### WHAT IS NEEDED
From the entries below, return exactly the lines beginning at the one that contains "9524 Miranda Ct, Fairfax, VA 22031 - photo 1" and ending at the one that contains "3rd image of 351 W Cortez Ave", both of them included, and only those lines.

### TASK INPUT
○ ○ ○

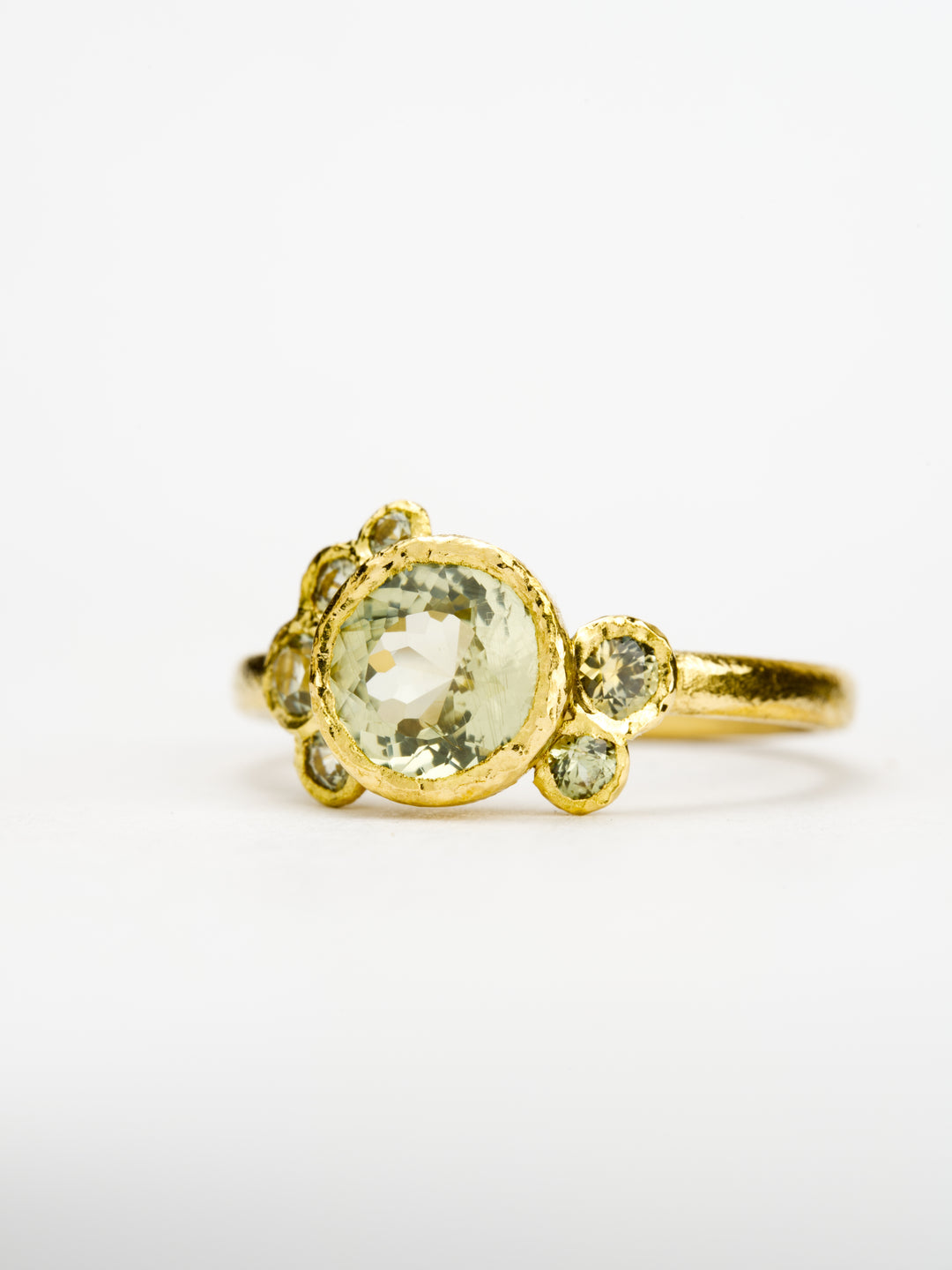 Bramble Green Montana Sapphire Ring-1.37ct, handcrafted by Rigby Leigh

○ ○ ○

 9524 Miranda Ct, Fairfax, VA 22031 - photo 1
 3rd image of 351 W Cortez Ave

○ ○ ○

### RESULT OF THE TASK
 9524 Miranda Ct, Fairfax, VA 22031 - photo 1
 3rd image of 351 W Cortez Ave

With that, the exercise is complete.